··· Data to process
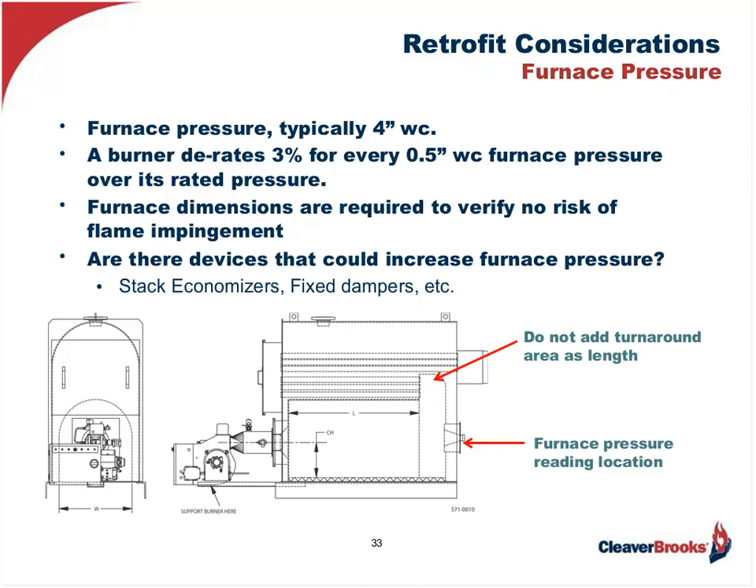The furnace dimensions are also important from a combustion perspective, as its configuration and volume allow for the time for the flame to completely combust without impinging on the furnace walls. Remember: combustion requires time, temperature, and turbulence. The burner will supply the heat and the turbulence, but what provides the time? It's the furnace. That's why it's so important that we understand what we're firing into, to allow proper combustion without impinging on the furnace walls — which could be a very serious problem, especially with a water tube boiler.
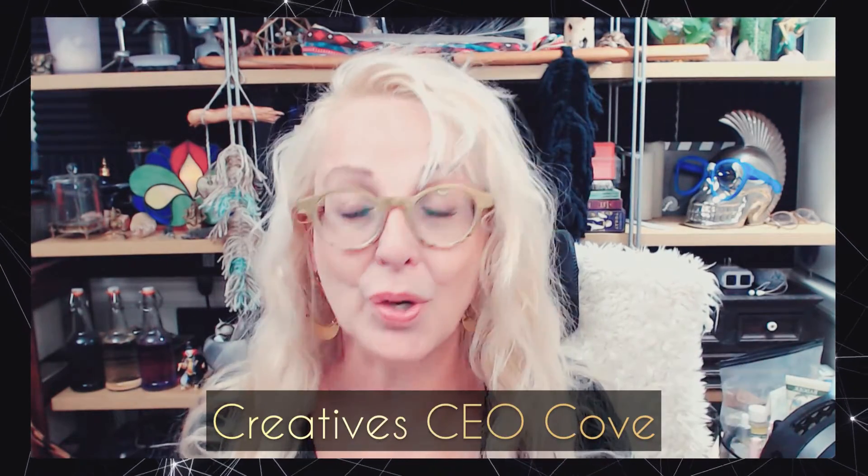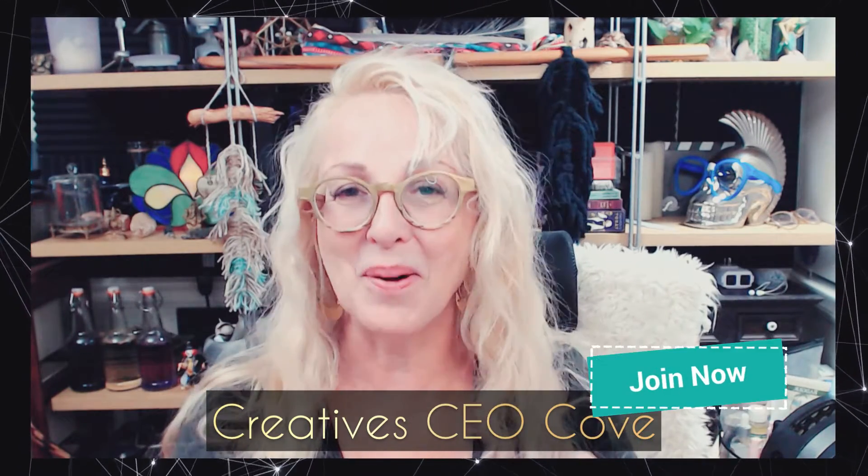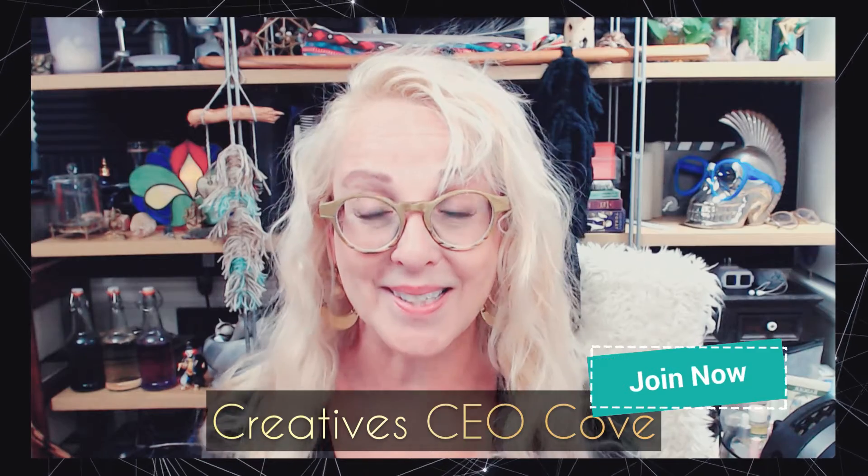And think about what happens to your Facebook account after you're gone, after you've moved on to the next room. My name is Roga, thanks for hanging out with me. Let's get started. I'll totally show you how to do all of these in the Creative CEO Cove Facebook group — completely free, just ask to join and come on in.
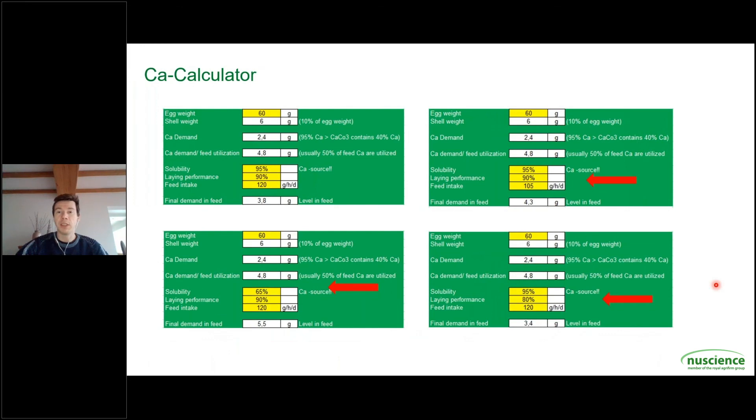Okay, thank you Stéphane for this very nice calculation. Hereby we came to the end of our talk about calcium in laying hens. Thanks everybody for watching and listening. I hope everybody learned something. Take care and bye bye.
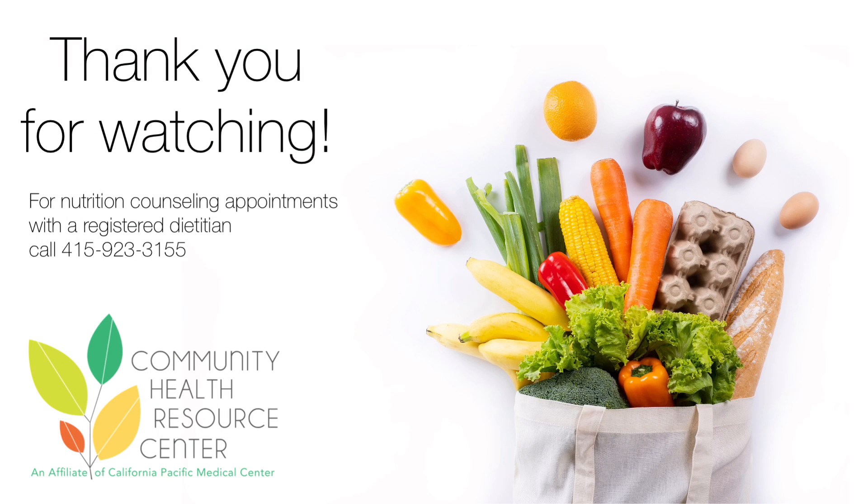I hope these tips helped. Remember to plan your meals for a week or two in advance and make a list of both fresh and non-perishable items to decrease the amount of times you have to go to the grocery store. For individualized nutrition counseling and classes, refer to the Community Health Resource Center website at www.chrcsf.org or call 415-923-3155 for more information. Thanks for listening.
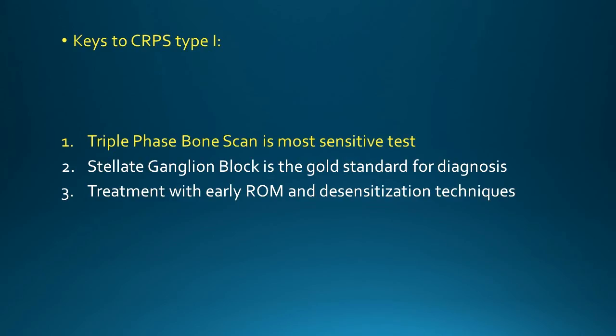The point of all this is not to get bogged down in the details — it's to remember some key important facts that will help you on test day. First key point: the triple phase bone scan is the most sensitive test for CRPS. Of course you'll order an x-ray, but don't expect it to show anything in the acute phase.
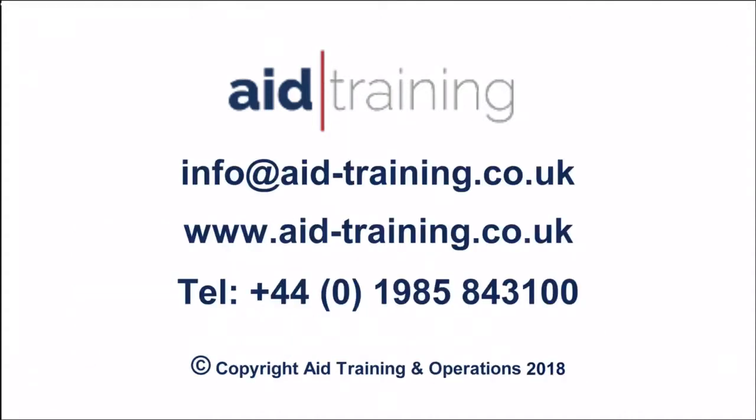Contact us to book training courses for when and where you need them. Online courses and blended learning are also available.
······
Reproduce the data above line for line, from its first line through the line containing "I hope these", both ends included, with the pictures omitted and nothing more.

=== Task answer ===
The furnace dimensions are also important from a combustion perspective, as its configuration and volume allow for the time for the flame to completely combust without impinging on the furnace walls. Remember: combustion requires time, temperature, and turbulence. The burner will supply the heat and the turbulence, but what provides the time? It's the furnace. That's why it's so important that we understand what we're firing into, to allow proper combustion without impinging on the furnace walls — which could be a very serious problem, especially with a water tube boiler.
And think about what happens to your Facebook account after you're gone, after you've moved on to the next room. My name is Roga, thanks for hanging out with me. Let's get started. I'll totally show you how to do all of these in the Creative CEO Cove Facebook group — completely free, just ask to join and come on in.
Okay, thank you Stéphane for this very nice calculation. Hereby we came to the end of our talk about calcium in laying hens. Thanks everybody for watching and listening. I hope everybody learned something. Take care and bye bye.
I hope these tips helped. Remember to plan your meals for a week or two in advance and make a list of both fresh and non-perishable items to decrease the amount of times you have to go to the grocery store. For individualized nutrition counseling and classes, refer to the Community Health Resource Center website at www.chrcsf.org or call 415-923-3155 for more information. Thanks for listening.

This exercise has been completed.